**EXERCISE AIM:** Give the lines again word for word, beginning with the one containing "Noce Luxury Villas" and ending with the last line of the material below.

**SOURCE MATERIAL:**
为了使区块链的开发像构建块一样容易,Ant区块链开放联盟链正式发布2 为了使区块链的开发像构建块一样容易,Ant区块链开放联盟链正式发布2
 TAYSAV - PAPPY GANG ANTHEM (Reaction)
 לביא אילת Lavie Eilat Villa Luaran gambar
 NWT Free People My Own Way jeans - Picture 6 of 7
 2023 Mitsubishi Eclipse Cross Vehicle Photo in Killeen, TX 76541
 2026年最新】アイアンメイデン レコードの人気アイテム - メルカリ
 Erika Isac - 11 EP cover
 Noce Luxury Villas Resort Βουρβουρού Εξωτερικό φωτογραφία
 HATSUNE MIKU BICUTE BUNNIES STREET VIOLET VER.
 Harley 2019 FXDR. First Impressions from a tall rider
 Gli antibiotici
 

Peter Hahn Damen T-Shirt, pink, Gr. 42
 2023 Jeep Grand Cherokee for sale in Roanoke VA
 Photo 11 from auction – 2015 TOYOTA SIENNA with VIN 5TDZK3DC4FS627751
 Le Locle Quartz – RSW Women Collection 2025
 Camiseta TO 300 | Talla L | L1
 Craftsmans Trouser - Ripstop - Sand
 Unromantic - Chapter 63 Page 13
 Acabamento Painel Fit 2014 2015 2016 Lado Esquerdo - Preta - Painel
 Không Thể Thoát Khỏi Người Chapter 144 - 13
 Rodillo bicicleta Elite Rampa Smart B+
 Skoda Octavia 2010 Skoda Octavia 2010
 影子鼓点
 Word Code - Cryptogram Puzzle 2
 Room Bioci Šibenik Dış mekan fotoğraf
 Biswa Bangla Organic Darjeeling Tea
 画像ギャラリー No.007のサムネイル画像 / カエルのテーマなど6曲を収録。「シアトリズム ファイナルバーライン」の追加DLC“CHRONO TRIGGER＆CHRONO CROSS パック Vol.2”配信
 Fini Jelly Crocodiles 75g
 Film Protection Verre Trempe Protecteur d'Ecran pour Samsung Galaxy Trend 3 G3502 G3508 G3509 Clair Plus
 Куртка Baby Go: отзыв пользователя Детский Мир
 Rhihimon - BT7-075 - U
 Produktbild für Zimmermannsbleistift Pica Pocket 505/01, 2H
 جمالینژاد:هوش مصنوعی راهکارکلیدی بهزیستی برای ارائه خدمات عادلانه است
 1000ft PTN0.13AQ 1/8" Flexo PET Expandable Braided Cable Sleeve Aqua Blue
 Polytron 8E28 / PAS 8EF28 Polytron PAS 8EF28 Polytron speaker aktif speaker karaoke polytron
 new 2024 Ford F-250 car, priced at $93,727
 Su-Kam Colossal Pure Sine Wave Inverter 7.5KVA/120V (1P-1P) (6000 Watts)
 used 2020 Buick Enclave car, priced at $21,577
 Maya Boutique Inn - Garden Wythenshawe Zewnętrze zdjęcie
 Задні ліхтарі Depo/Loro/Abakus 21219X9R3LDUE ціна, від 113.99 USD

**EXERCISE SOLUTION:**
 Noce Luxury Villas Resort Βουρβουρού Εξωτερικό φωτογραφία
 HATSUNE MIKU BICUTE BUNNIES STREET VIOLET VER.
 Harley 2019 FXDR. First Impressions from a tall rider
 Gli antibiotici
 

Peter Hahn Damen T-Shirt, pink, Gr. 42
 2023 Jeep Grand Cherokee for sale in Roanoke VA
 Photo 11 from auction – 2015 TOYOTA SIENNA with VIN 5TDZK3DC4FS627751
 Le Locle Quartz – RSW Women Collection 2025
 Camiseta TO 300 | Talla L | L1
 Craftsmans Trouser - Ripstop - Sand
 Unromantic - Chapter 63 Page 13
 Acabamento Painel Fit 2014 2015 2016 Lado Esquerdo - Preta - Painel
 Không Thể Thoát Khỏi Người Chapter 144 - 13
 Rodillo bicicleta Elite Rampa Smart B+
 Skoda Octavia 2010 Skoda Octavia 2010
 影子鼓点
 Word Code - Cryptogram Puzzle 2
 Room Bioci Šibenik Dış mekan fotoğraf
 Biswa Bangla Organic Darjeeling Tea
 画像ギャラリー No.007のサムネイル画像 / カエルのテーマなど6曲を収録。「シアトリズム ファイナルバーライン」の追加DLC“CHRONO TRIGGER＆CHRONO CROSS パック Vol.2”配信
 Fini Jelly Crocodiles 75g
 Film Protection Verre Trempe Protecteur d'Ecran pour Samsung Galaxy Trend 3 G3502 G3508 G3509 Clair Plus
 Куртка Baby Go: отзыв пользователя Детский Мир
 Rhihimon - BT7-075 - U
 Produktbild für Zimmermannsbleistift Pica Pocket 505/01, 2H
 جمالینژاد:هوش مصنوعی راهکارکلیدی بهزیستی برای ارائه خدمات عادلانه است
 1000ft PTN0.13AQ 1/8" Flexo PET Expandable Braided Cable Sleeve Aqua Blue
 Polytron 8E28 / PAS 8EF28 Polytron PAS 8EF28 Polytron speaker aktif speaker karaoke polytron
 new 2024 Ford F-250 car, priced at $93,727
 Su-Kam Colossal Pure Sine Wave Inverter 7.5KVA/120V (1P-1P) (6000 Watts)
 used 2020 Buick Enclave car, priced at $21,577
 Maya Boutique Inn - Garden Wythenshawe Zewnętrze zdjęcie
 Задні ліхтарі Depo/Loro/Abakus 21219X9R3LDUE ціна, від 113.99 USD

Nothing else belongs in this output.